Feldman Fine Arts became a haven for performance and conceptual art that other dealers and galleries would not represent or show. In 1972, the gallery held Hannah Wilke’s debut solo exhibition "in which the artist displayed a suite of her anatomically-allusive wall-mounted sculptures." The gallery was an early proponent of art that featured themes of women's rights, politics, the environment, and war.

In 1974, Feldman worked with Joseph Beuys, offering him gallery space, but instead creating a ten-day lecture tour titled "Energy Plan for the Western Man". The tour started with a public lecture held at The New School.
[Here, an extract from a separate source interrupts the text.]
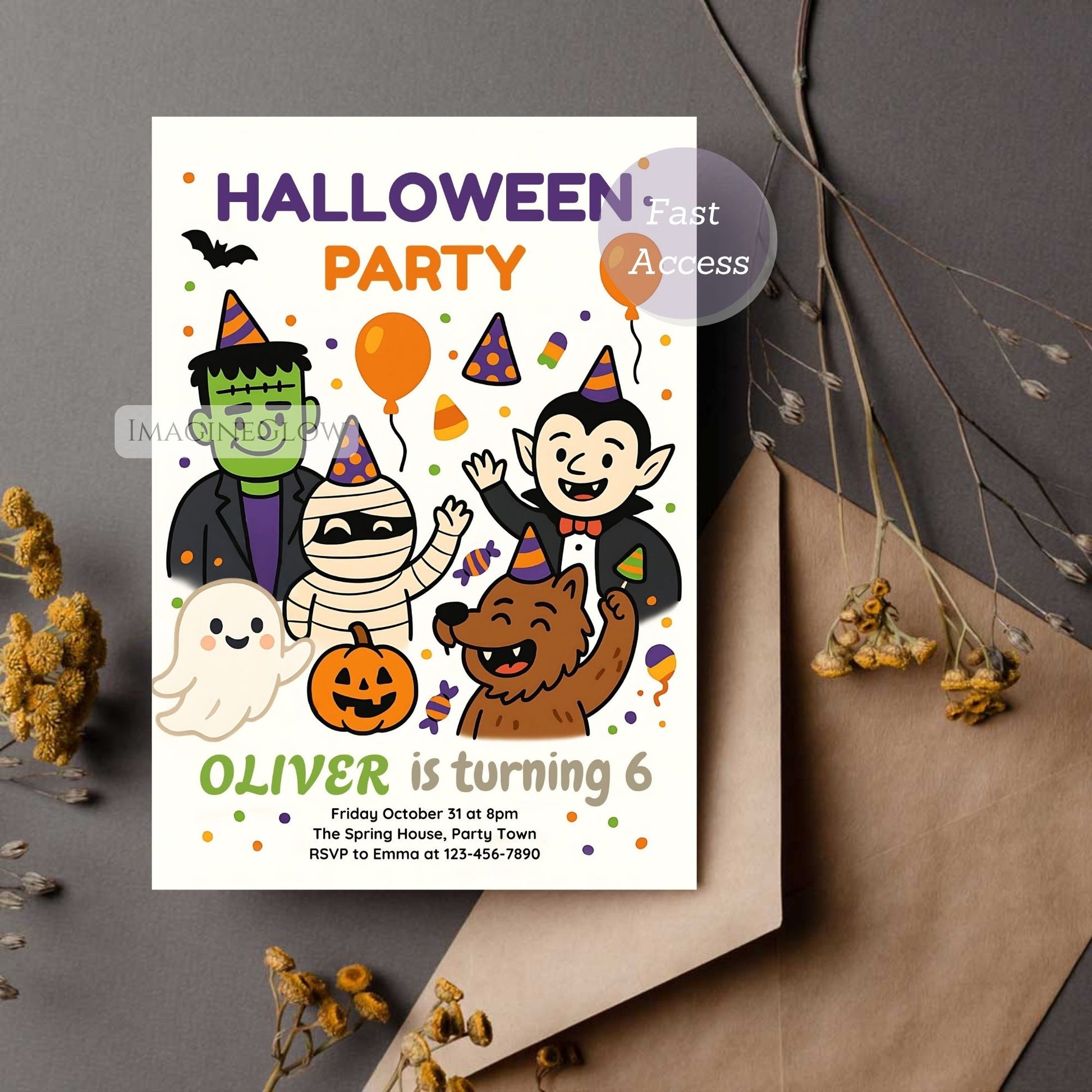 fun halloween birthday card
This was the first time Beuys expounded on his ideas of social sculpture in America. At the time he was refusing to travel to the U.S. in protest of the Vietnam war.

In 1975, Chris Burden performed White Light/White Heat at the Feldman Gallery. In this performance Burden spent twenty-two days in the gallery without eating or speaking. The Feldman Gallery was also the first to exhibit works by the Russian-born duo Vitaly Komar and Alexander Melamid which it did by smuggling work out of the Soviet Union and displaying it in 1976. Though the art was exhibited, the artists were stopped by Soviet authorities from attending the exhibition.

During the 1980s, Feldman collaborated closely with Pop artist Andy Warhol, a frequent visitor to the gallery. Together, they conceptualized and published several of Warhol's most notable late-career print portfolios, including Ten Portraits of Jews of the Twentieth Century (1980), Myths (1981), Endangered Species (1983), Ads (1985), and Moonwalk (1987).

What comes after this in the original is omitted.